A strong majority believes health care is a top domestic priority — 55 percent, according to the Times poll — and 64 percent believe the federal government should guarantee health care for all Americans.
All of this appears to create an environment for sweeping reform; indeed, 90 percent of Americans say the health care system as a whole needs change — 54 percent say “fundamental change” is necessary, and 36 percent say the system should be “completely (rebuilt).” Just 8 percent believe the system needs “minor changes.”
Sounds like a mandate for far-reaching reforms. But not so fast, argues Usher:
But the picture changes dramatically when questions shift from the systemic to the personal. Despite concern about the broader health system, Americans are generally satisfied with the care they currently receive. In the Times poll, 77 percent of Americans are satisfied with the quality of their care; 82 percent say the same in the Democracy Corps poll, compared with 89 percent in the Kaiser poll. Indeed, the Kaiser poll finds high satisfaction across a broad range of health care dimensions: communication with the doctor (87 percent), availability of emergency care (83 percent), availability of appointments (82 percent), specialists (79 percent), getting the latest treatments (78 percent) and getting treatment without waiting (73 percent).
Usher notes further:
The 64 percent majority in the Times poll that believes the government should guarantee health insurance for all shrinks to 48 percent when asked their support if a universal program were to raise their own health insurance cost.
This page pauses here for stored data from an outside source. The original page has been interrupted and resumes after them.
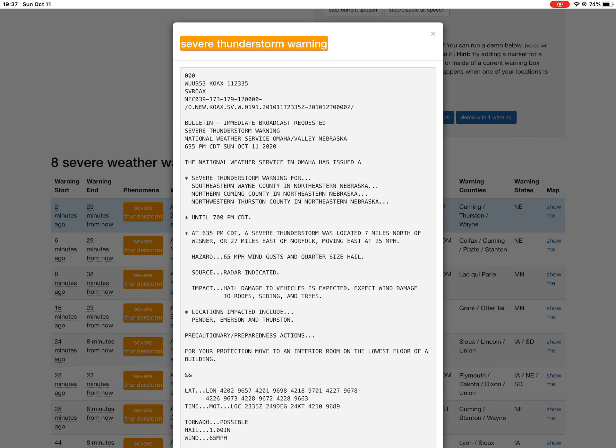New severe thunderstorm warning issued for Nebraska. Here is the full text of this warning.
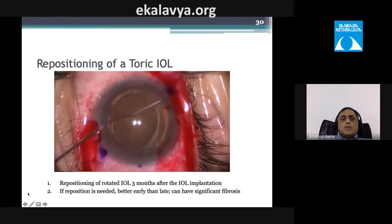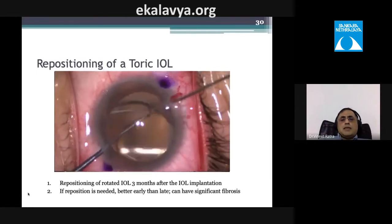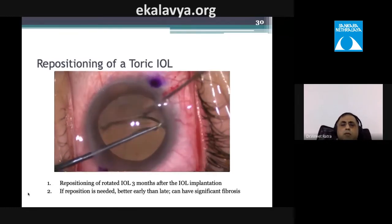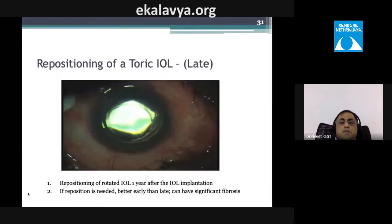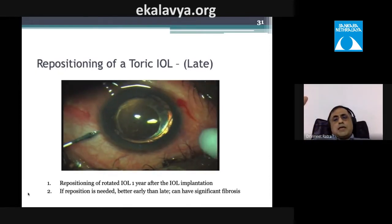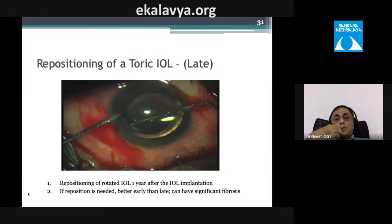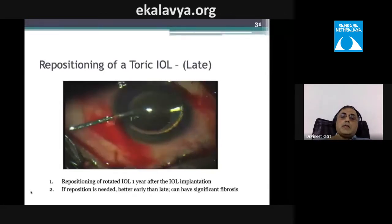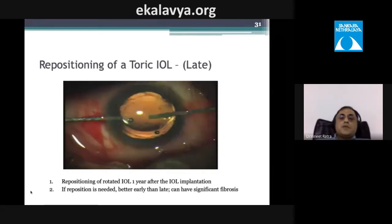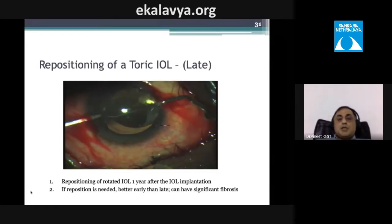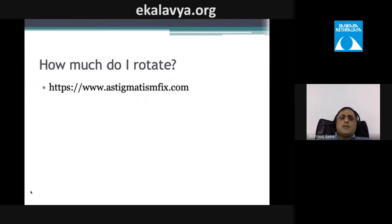When repositioning a toric IOL, first separate the capsular bag and loosen any adhesions before rotating the lens. Even a lens rotated nearly one year post-surgery can be corrected — in one patient, rotating the lens by approximately 10 degrees corrected astigmatism from 3 diopters to zero. Use a second instrument to release the haptic edges before rotating.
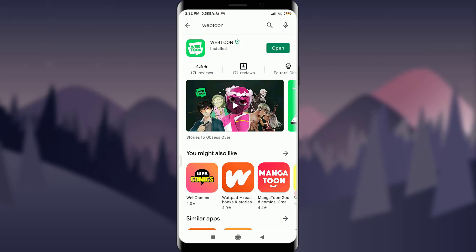For creating a Webtoon account, first of all you need to have a Webtoon app which you can easily get from the App Store or Play Store. After getting it, as you can see on my screen, I have the Webtoon app on my phone. I'm going to tap on the open option on the top right corner of the screen.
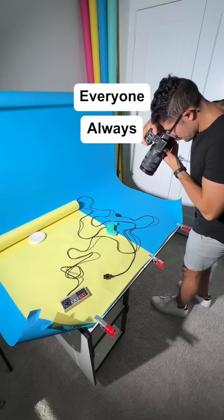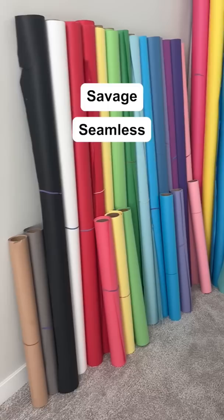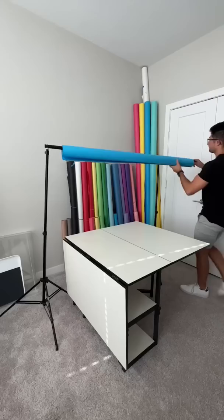Everyone always asks me what these backdrops are. Well, they're Savage seamless backgrounds, and they make life so much easier as a photographer.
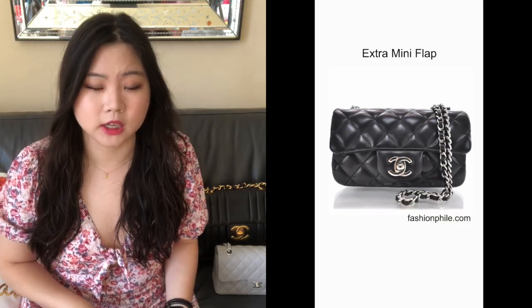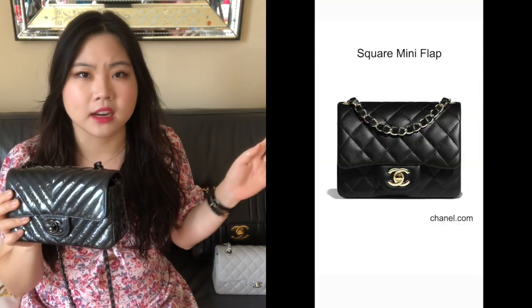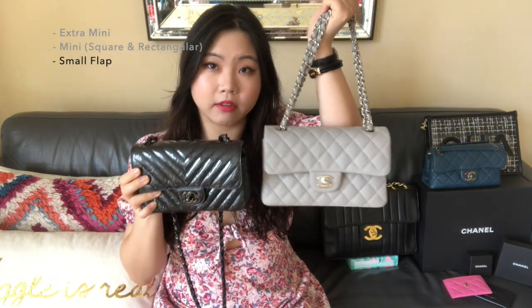The next point covers the different sizes for Chanel classic flap bags. They range from a mini all the way to a double XL. The smallest is called an extra mini. The next size up is the Chanel classic mini, which comes in two styles: a square version and a rectangular version. After the mini is the small classic flap — just a little bit larger than the mini.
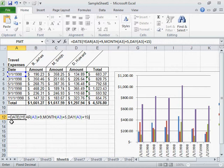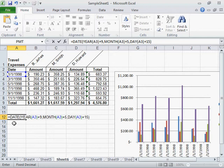comma, DAY, the start date, plus sign, the number of days to be added, close parentheses, press Enter.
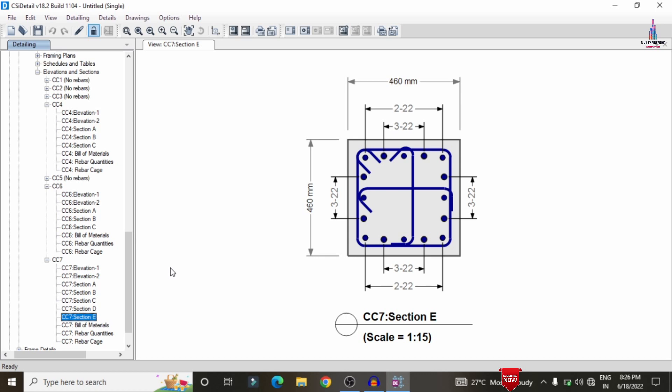If the loading distribution value is within the limit after increasing the dimensions, it will directly show you the reinforcement design results for the column section. If you have any queries about this video, please text your questions in the comment box below and I will try to provide answers. Thank you.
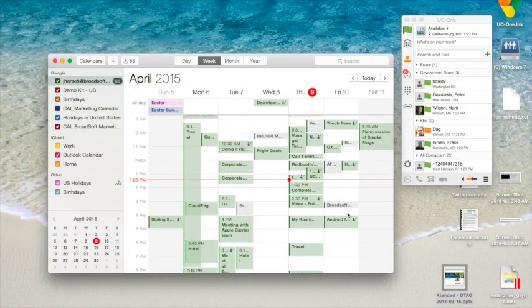Now I'm going to show you how to join a MyRoom session. First is from the client on a PC or a Mac. The second is from a web browser — we also call that a guest participant.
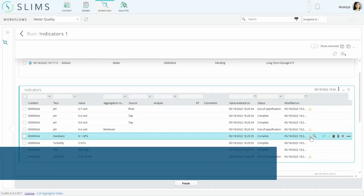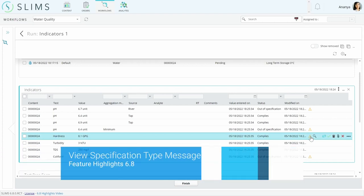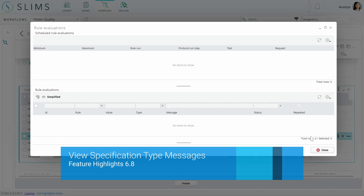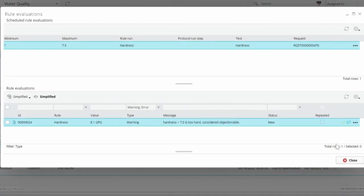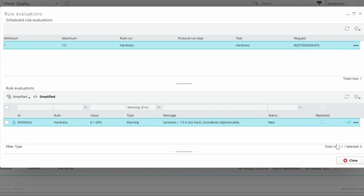There are some custom messages added to rule evaluations when you use specification types. You can choose a feedback type, warning or error, and design the text that's provided when the result is within specification, too high, too low, or not expected. Then a specification can use any of the created specification types.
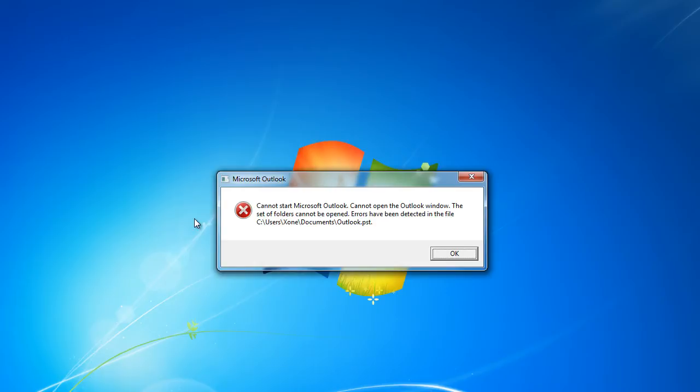The location of the file depends on the operating system you are running on and the version of Outlook which you are using. For this tutorial, we will be demonstrating how to repair PST files of Outlook 2010 using a 32-bit operating system.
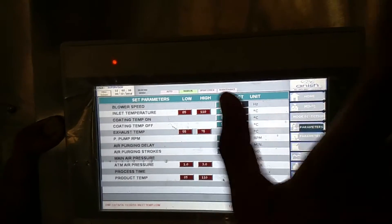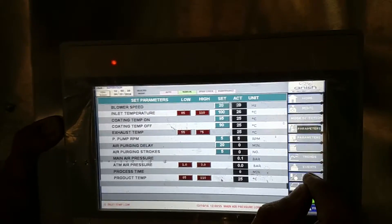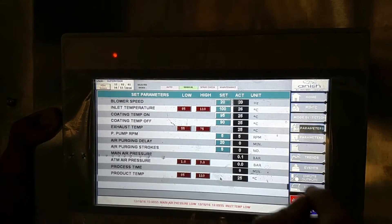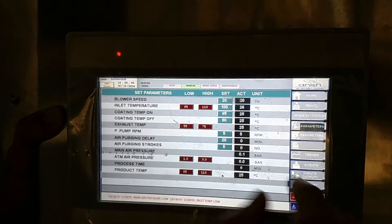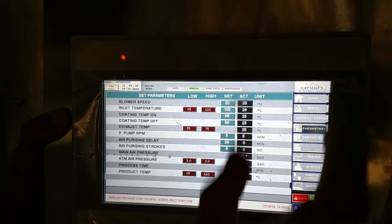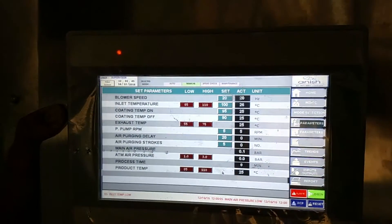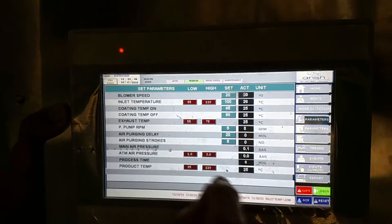Then process time. In manual mode we cannot set process time directly because it is operated manually. We can turn the system off and on whenever we want. In auto mode, we have to set the process time — the complete process time — and then production.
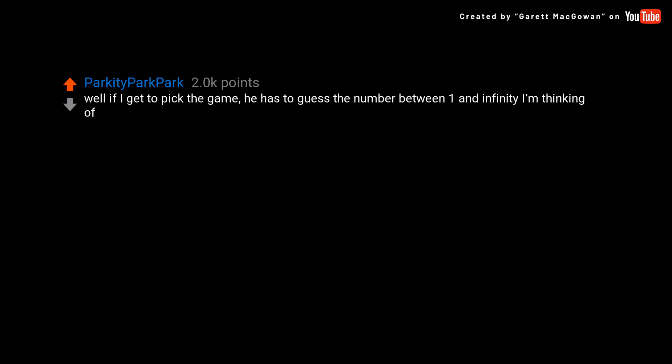Well if I get to pick the game, he has to guess the number between 1 and infinity I'm thinking of.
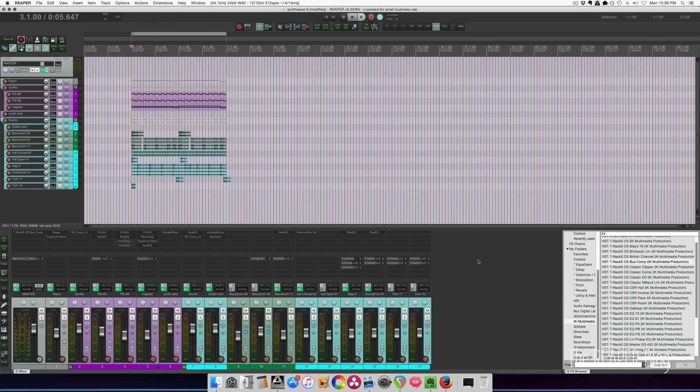Hey guys, welcome to another ReaperBlog tutorial. In this video I'm going to show you how I like to take a song idea and kind of flesh it out into an arrangement.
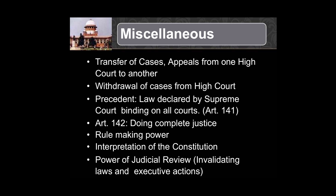There are various other miscellaneous powers of the Supreme Court. They are concerned with transfer of cases, appeals from one High Court to another, and withdrawal of cases from one High Court to another. Law declared by the Supreme Court is binding on all the courts. Article 142 has a provision of imparting complete justice, along with rule-making powers for its own administration, administrative purpose, and interpretation of the Constitution.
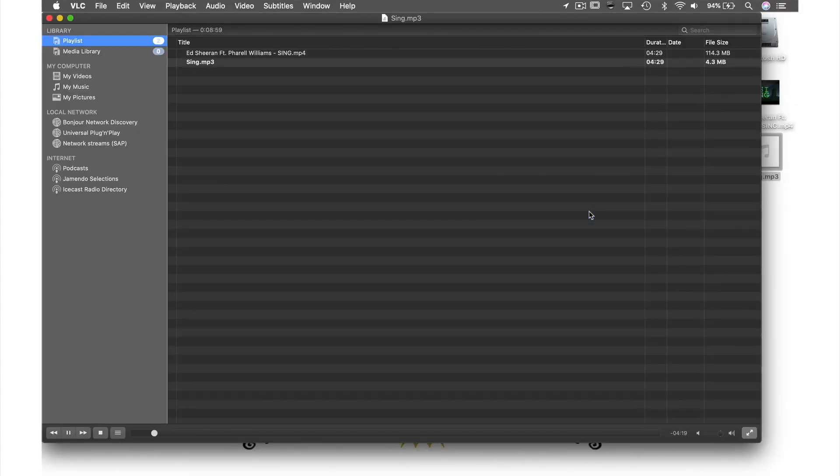So that was how to convert a file. Check out my next video where I will show you how to record and adjust the playback of videos in VLC.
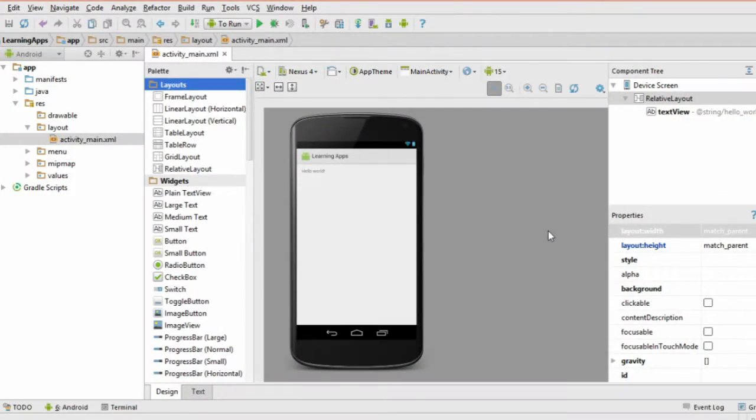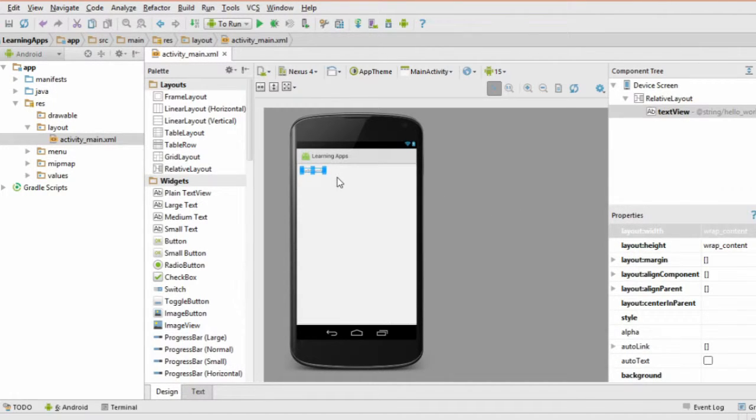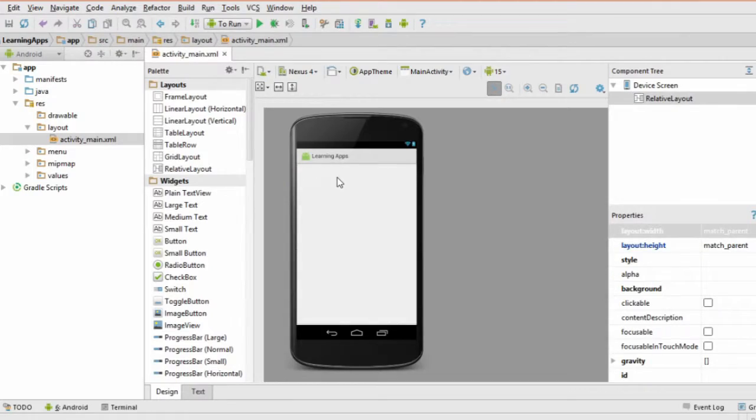You can delete the default text view since we won't need it. Just click on it in the designer and hit delete. Next, we're going to create something called a relative layout. This is a type of layout where you control the positions of objects relative to each other, something like this button goes to the right of this label.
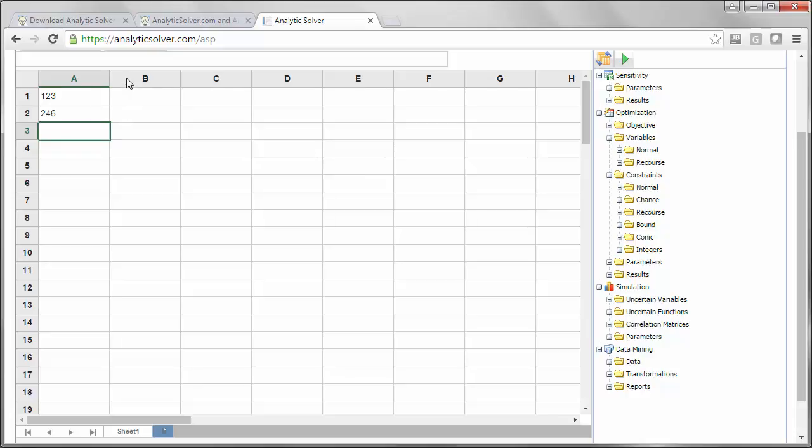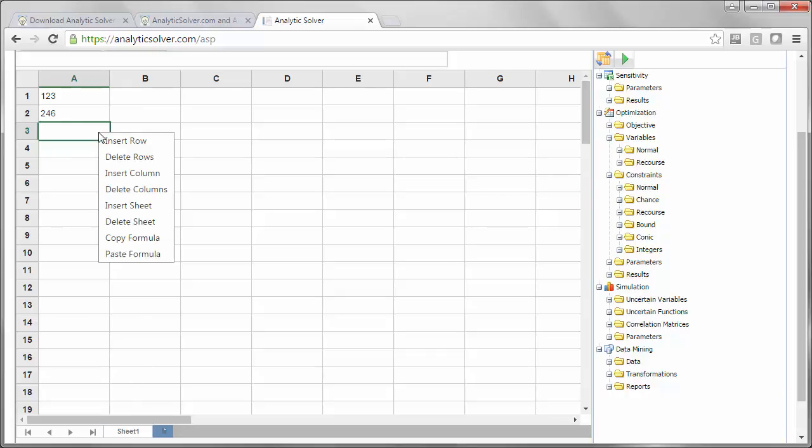You can adjust column widths and row heights as you would in Excel, but if you want to insert columns, insert rows, or insert new worksheets, it's done a little differently. Just pick any cell and use this right-click menu.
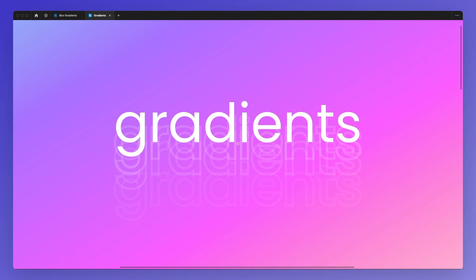Hello, it's Perigi here. In this video, we're going to learn how to create a blur gradient in Figma.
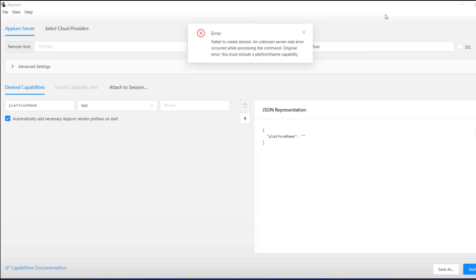Hello awesome viewers, how are you all? Welcome back. In this video we're going to discuss how to resolve this error: you must include platform capability and no server side error occurred while processing the command.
The 60 percent in the same poll who say that they would be willing to pay higher taxes to insure everybody shrinks to 49 percent when a $500 price tag is attached to it.
If health care reform advocates fail to adequately take such satisfaction levels of currently insured voters into account, Usher believes it could backfire on election day. He concedes that “the hypotheticals posed by these questions may be misleading.” An important point. Indeed, most advocates of both fundamental and incremental health care reforms argue, often convincingly, that their reform plans would actually save taxpayers money, compared to the plans that most insured Americans have. Certainly, no political candidate is saying “My plan will only take an extra $500 per year out of your pocket.”
Usher sees hope in the reform plans being pioneered at the state level, and notes that Canada’s much-praised health care system emanated from the provincial, not federal, level of government. No doubt there is much more the states could do, such as the reforms being explored by Massachusetts and California. But most Americans would surely agree that a nation as prosperous as the U.S. can find a way to provide a health care plan that covers every illness and every person.